Frederick Nicholas Loveroff OSA ARCA

1890/94 - 1959

Born in Tiflis, Russia, his mother died when he was very young. His father brought him to Canada in 1900 and they settled in Saskatchewan. They were “Independent” Doukhobors. From 1903 to 1906 Fred Loveroff attended school at Moylan, Pennsylvania, under the auspices of the Society of Quakers. His father was a farmer and when Fred was old enough he secured his own homestead near Borden, Saskatchewan.

In 1913 at the age of nineteen, Fred Loveroff enrolled in the Central Ontario School of Art where he studied for the next four years under G.A. Reid, J.W. Beatty, and J.E.H. MacDonald. He received his A.O.C.A. in 1917. In 1920 he was elected an Associate of the Royal Canadian Academy. During the relatively short period of his painting career, 1918-1934, he enjoyed the satisfaction of knowing that his paintings were being exhibited and published.

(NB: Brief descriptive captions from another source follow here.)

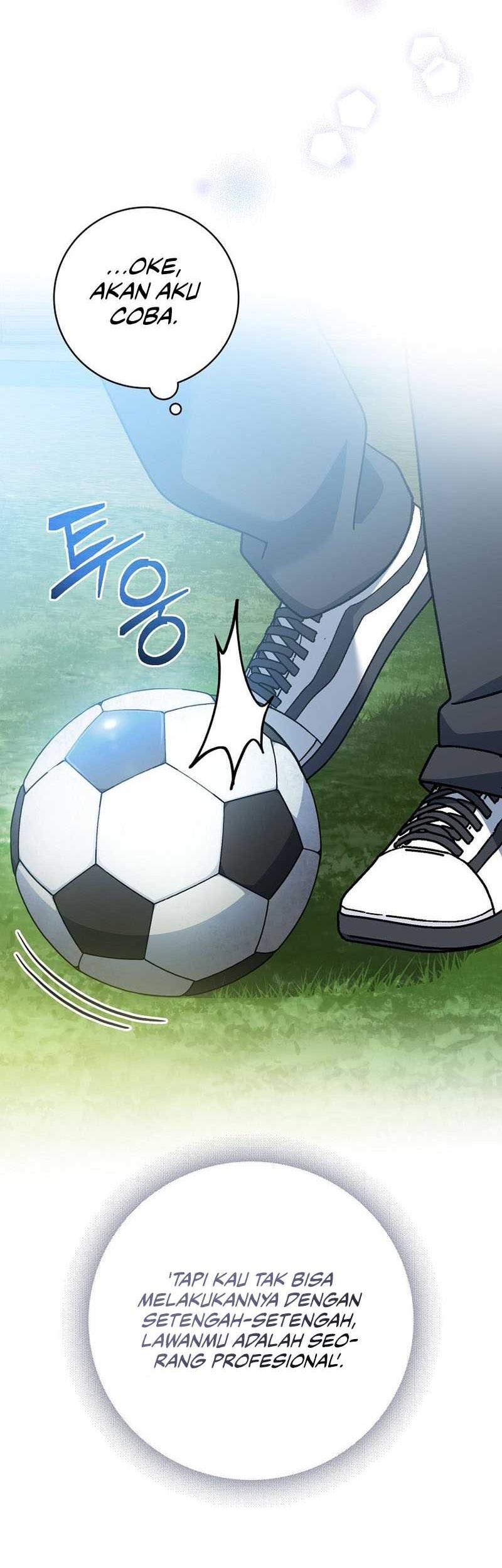 Chapter 41 - halaman 43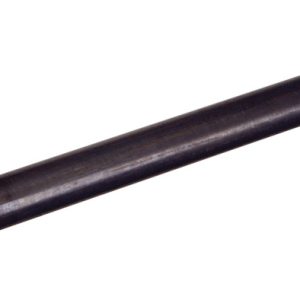 Boltmaster 3/8 in. D X 36 in. L Steel Weldable Unthreaded Rod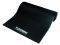   TOORX MAT-120  (120 X ...
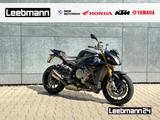 BMW S 1000 R Sport- und Dynamik Paket Akrapovic, Frä - Offers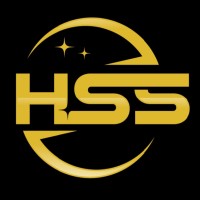 Hill Search Solutions, LLC. logo - Similar company to Lachman & Associates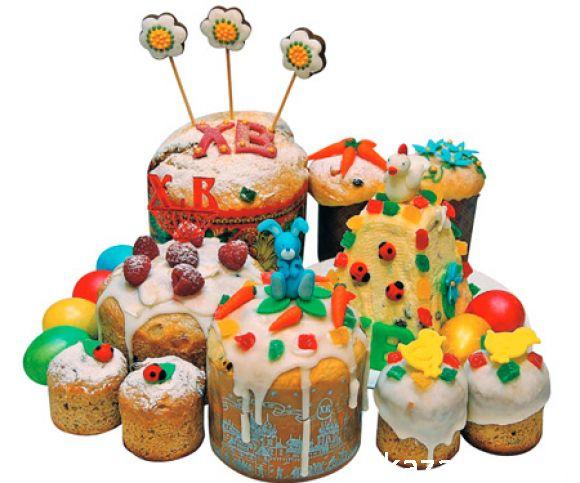 Новини Козятина - фото з Обличчя Козятина: як святили паску Обличчя Козятина: як святили паску, фото №11 на сайті 20minut.ua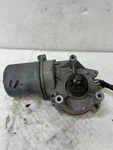 2011 Ford Taurus Windshield Wiper Motor D258 Cw Fws W0000 17737 Oem (10). Fixed Price $49.99.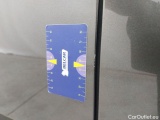  Hyundai  Tucson Hyundai  1.6 T-GDi Plug-in Hybrid 4x4 Shine 5d #25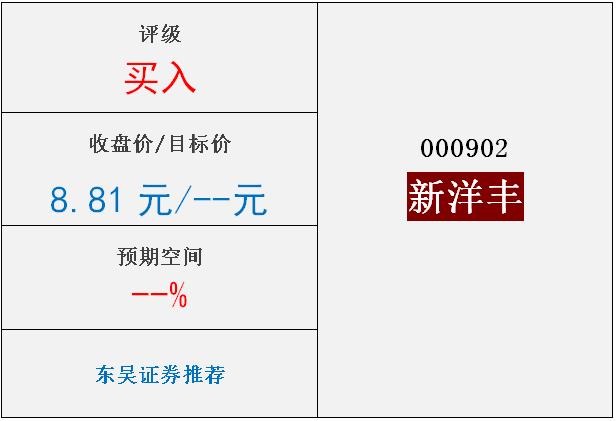 RTXu622au56feu672au547du540d.jpg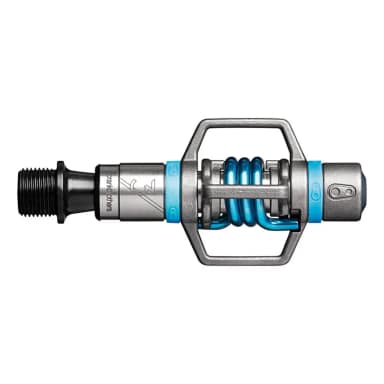 crankbrothers педали egg beater 3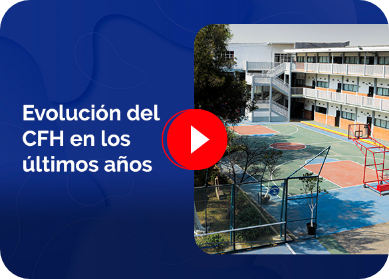 mejor-colegio-trilingue-en-lindavista-thumbniail-3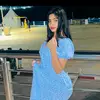 🇸🇦جوري الدوسري💕🦋 - @aldawssri09 - TikTok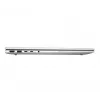 Laptop HP ProBook 4 G1a R7-250 16,0 Zoll 512 GB SSD 16 GB RAM Windows 11 Pro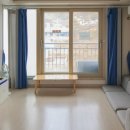 민들레미코 이미지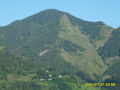 Zell am See 2008 44500655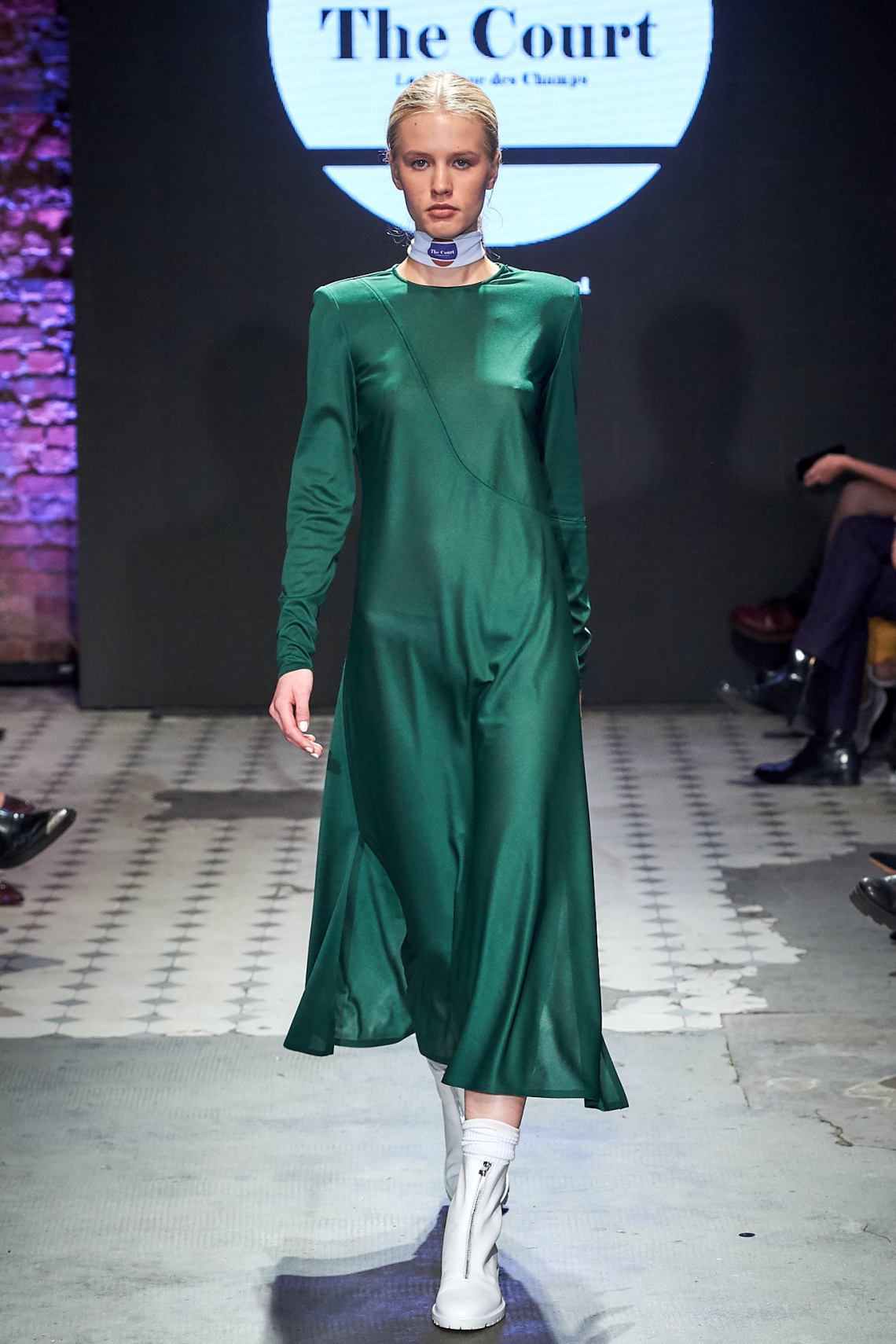 14_KTW_DAY2_121019_FUSIECKA_lowres-fotFilipOkopny-FashionImages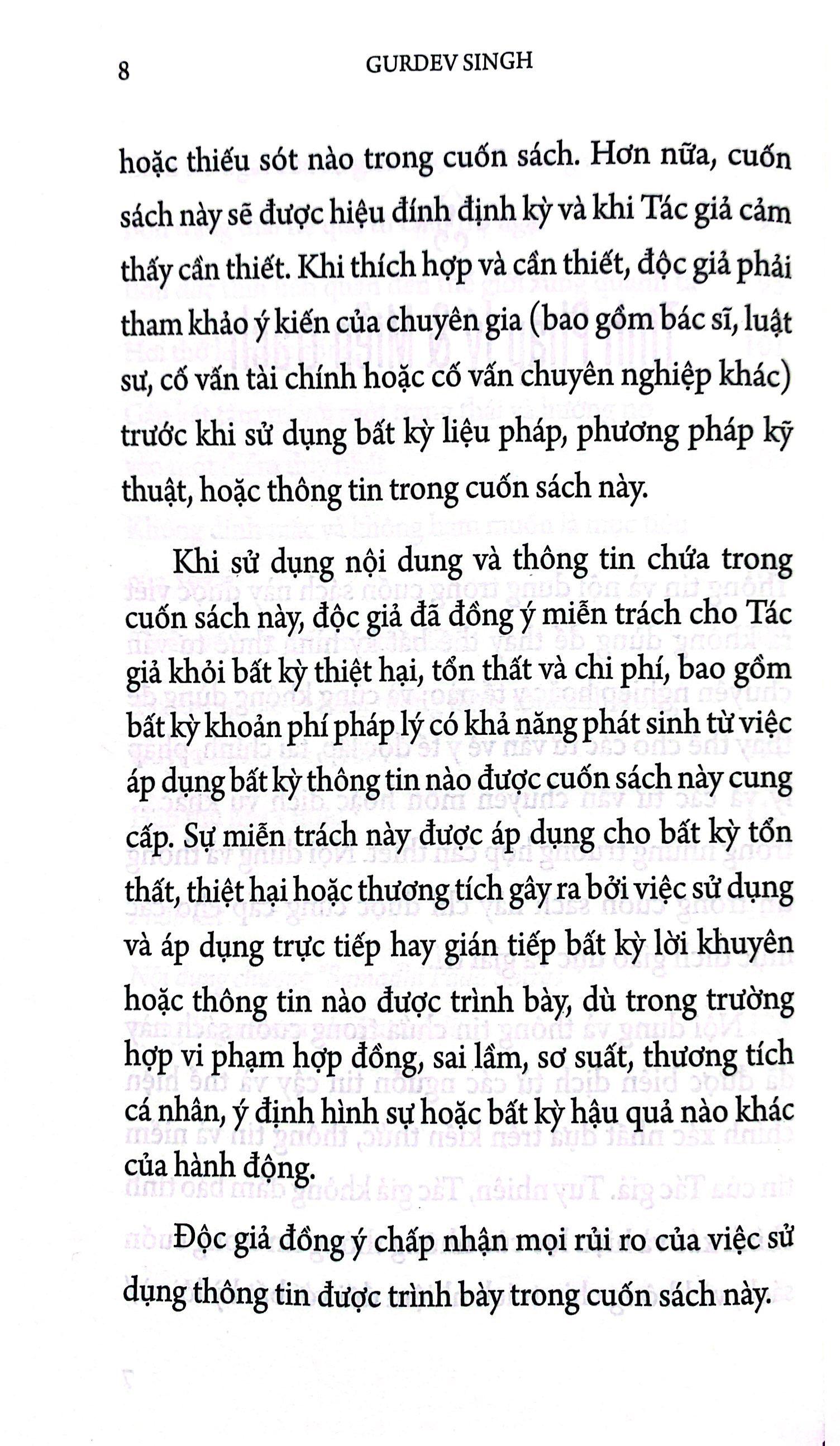 Lối Vào Kinh Yoga Sutras Của Patanjali - Một Bình Giải Về Chương “Samadhi Pada”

Describing his work in The Canadian Collector Peter Millard noted, “Loveroff’s paintings are best considered in two groups, firstly the finished studio paintings and secondly the little oil sketches, many of which were probably intended merely as preliminary studies. I have not been able to examine many pictures of the first kind, but those I have seen are crisp, strong landscapes whose chief delight is in their Impressionist colouring. Shadows, which at first sight seem merely darker in tone, on closer examination yield up rich and extraordinary colour… In addition to the more formal pictures, Loveroff has left behind him a large number of small oil sketches, now preserved in one collection in Saskatoon. Seldom dated and often unsigned, they apparently represent his entire painting career, brief as it was.”

It was during the Depression that the market for his paintings declined sharply. It is believed because the situation seemed hopeless, he departed for California in 1934 – once again to make his living as a farmer. It is believed that he never took up his brushes again. He died in 1960 at the age of sixty-six after a rapidly failing health.

He is represented in the permanent collections of the National Gallery of Canada, Hart House U. of T., the Art Gallery of Ontario and elsewhere.